* Work instruction *
There should be no pictures in your answer, only an exact copy of the lines from the one with "Toyota VOXY 2017-09 289204-7" through the end of the material.

* Records to use *
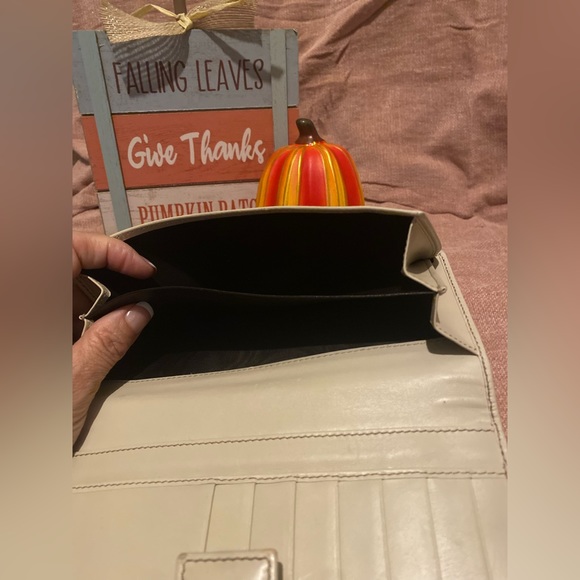 EUC leather monogram long wallet - Picture 5 of 9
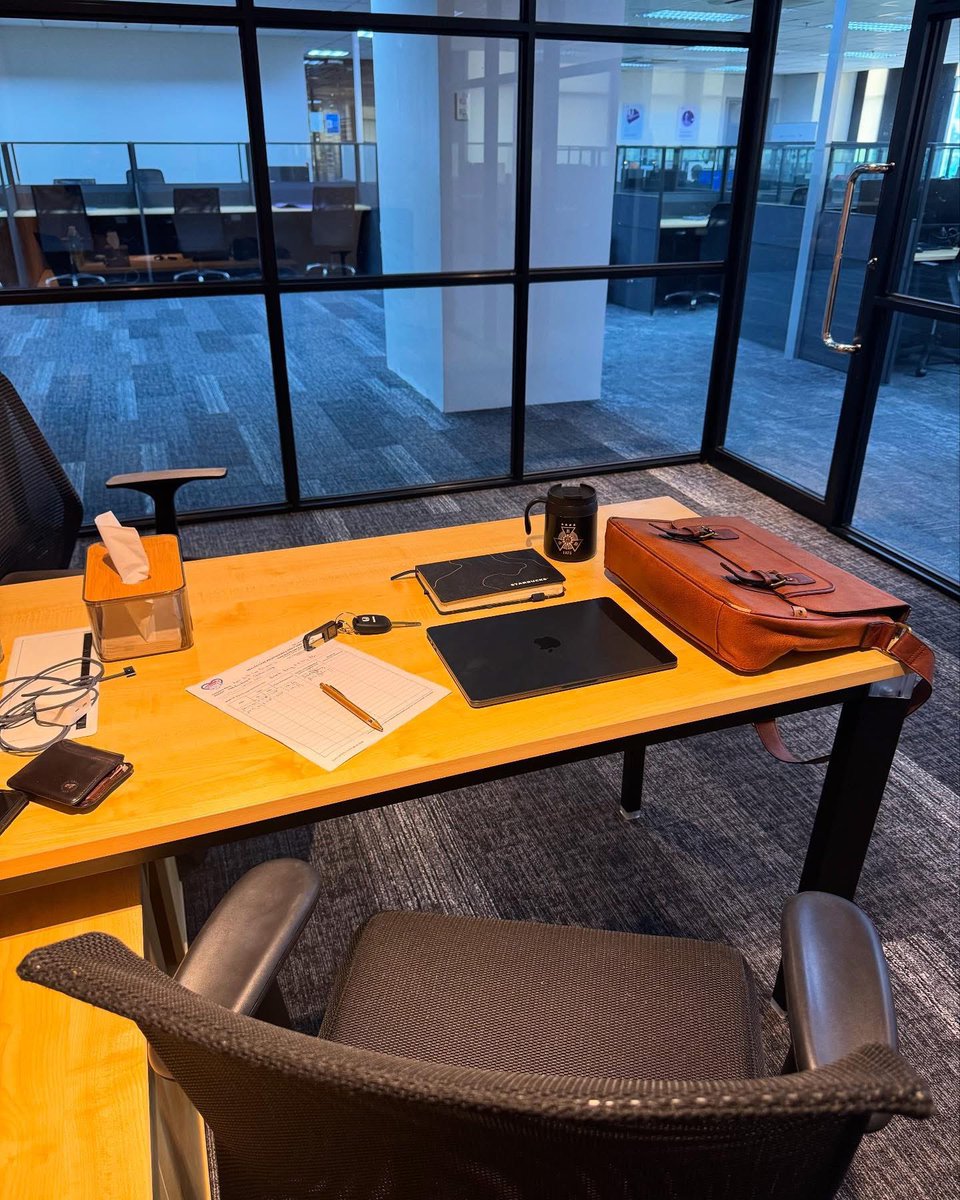 The Psychologist is In. 💚
#workingabby #callofduty #geneinschaftsgefühl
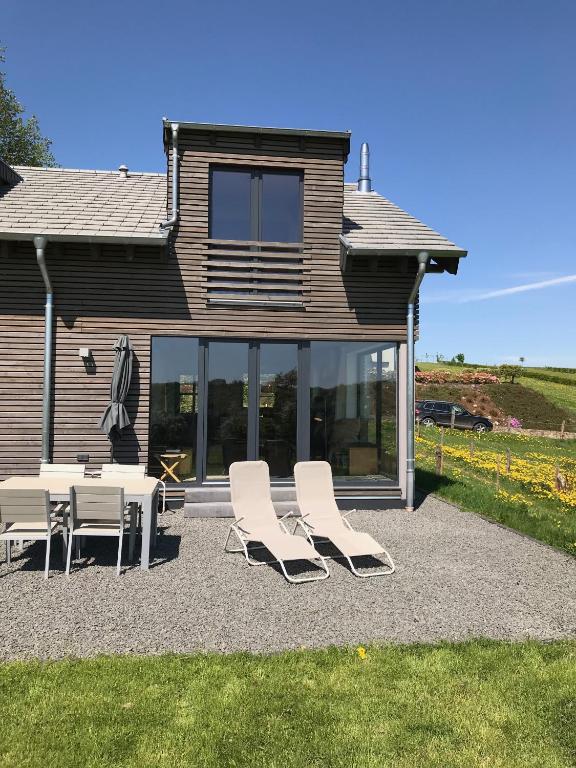 a group of chairs and a table in front of a house at Ferienhaus am Nationalpark in Morsbach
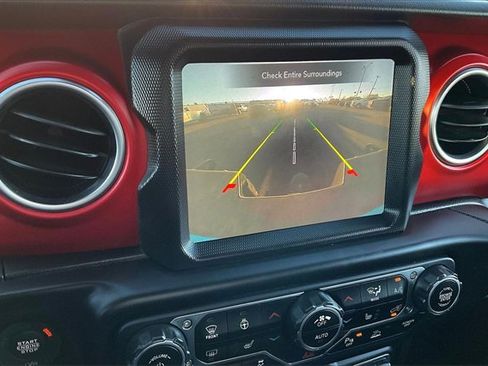 Used 2020 Jeep Gladiator Rubicon image 23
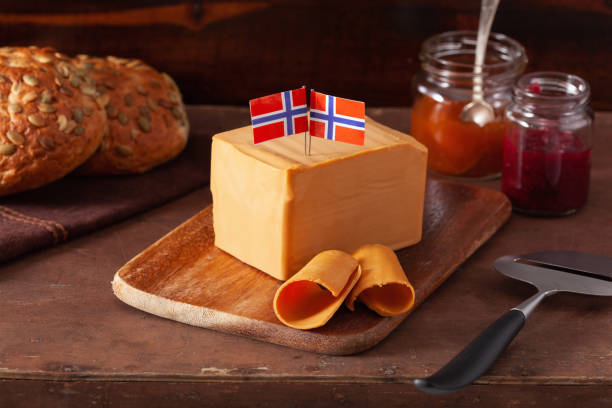 노르웨이 브루노스트 전통 브라운 치즈 - norwegian culture 뉴스 사진 이미지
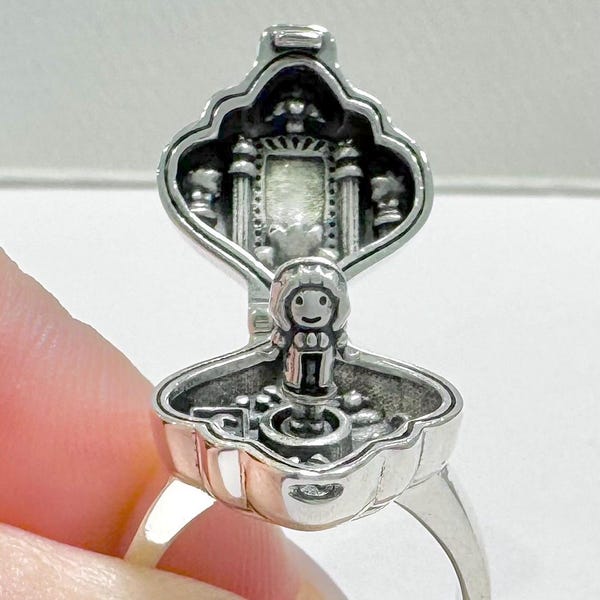 Polly Pocket Polly's Tea Time Locket Sterling silver charm ring
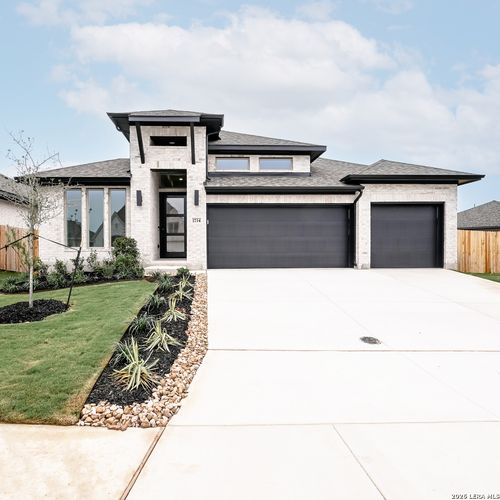 1734 Gyst Rd, Seguin, TX, 78155-4090 | Card Image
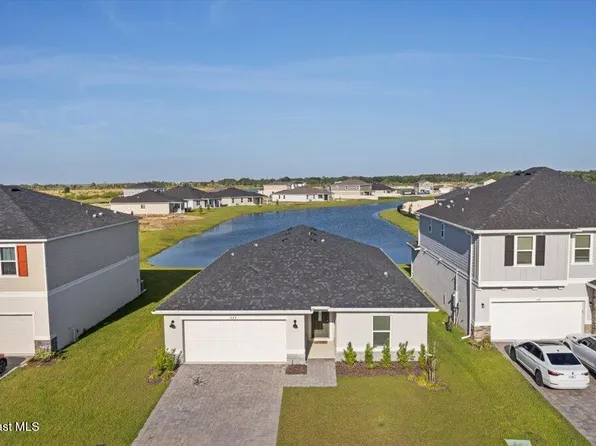 527 Glaspell Cir SE, Palm Bay, FL 32909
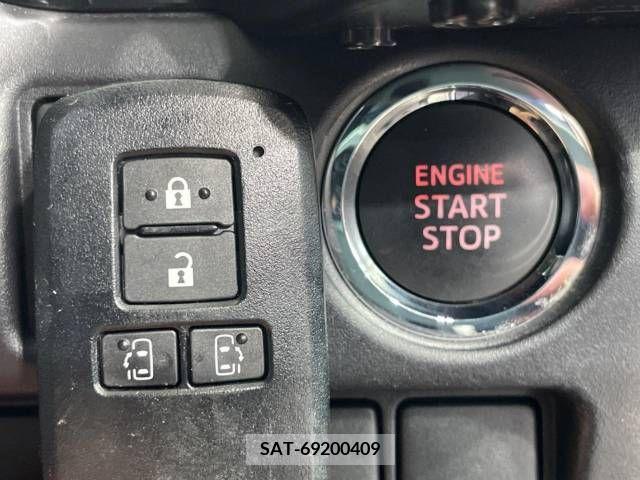 Toyota VOXY 2017-09 289204-7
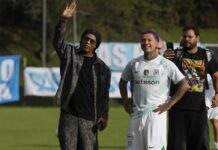 El cantante Blessd y Ronaldinho sacudirán Medellín uniendo música y fútbol en un festival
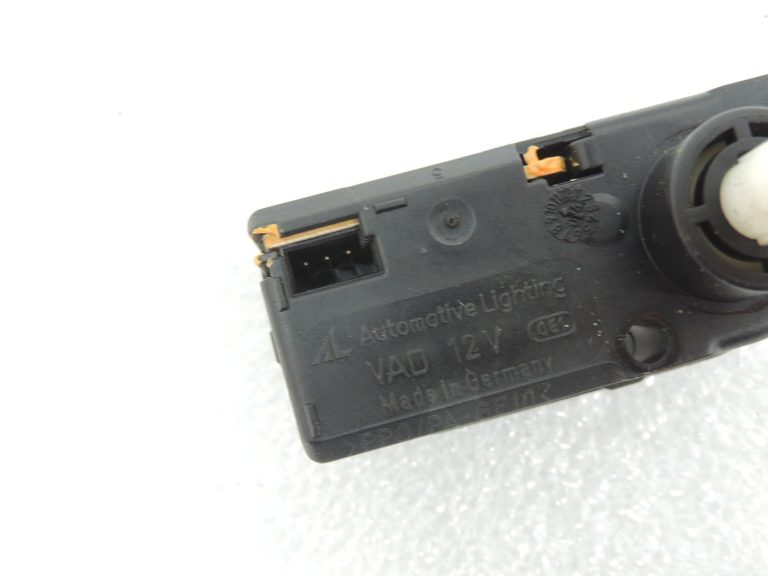 Priekšējo lukturu LWR priekšējo lukturu izlīdzināšanas servomotors Bosch 0307853303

* Exercise response *
 Toyota VOXY 2017-09 289204-7
 El cantante Blessd y Ronaldinho sacudirán Medellín uniendo música y fútbol en un festival
 Priekšējo lukturu LWR priekšējo lukturu izlīdzināšanas servomotors Bosch 0307853303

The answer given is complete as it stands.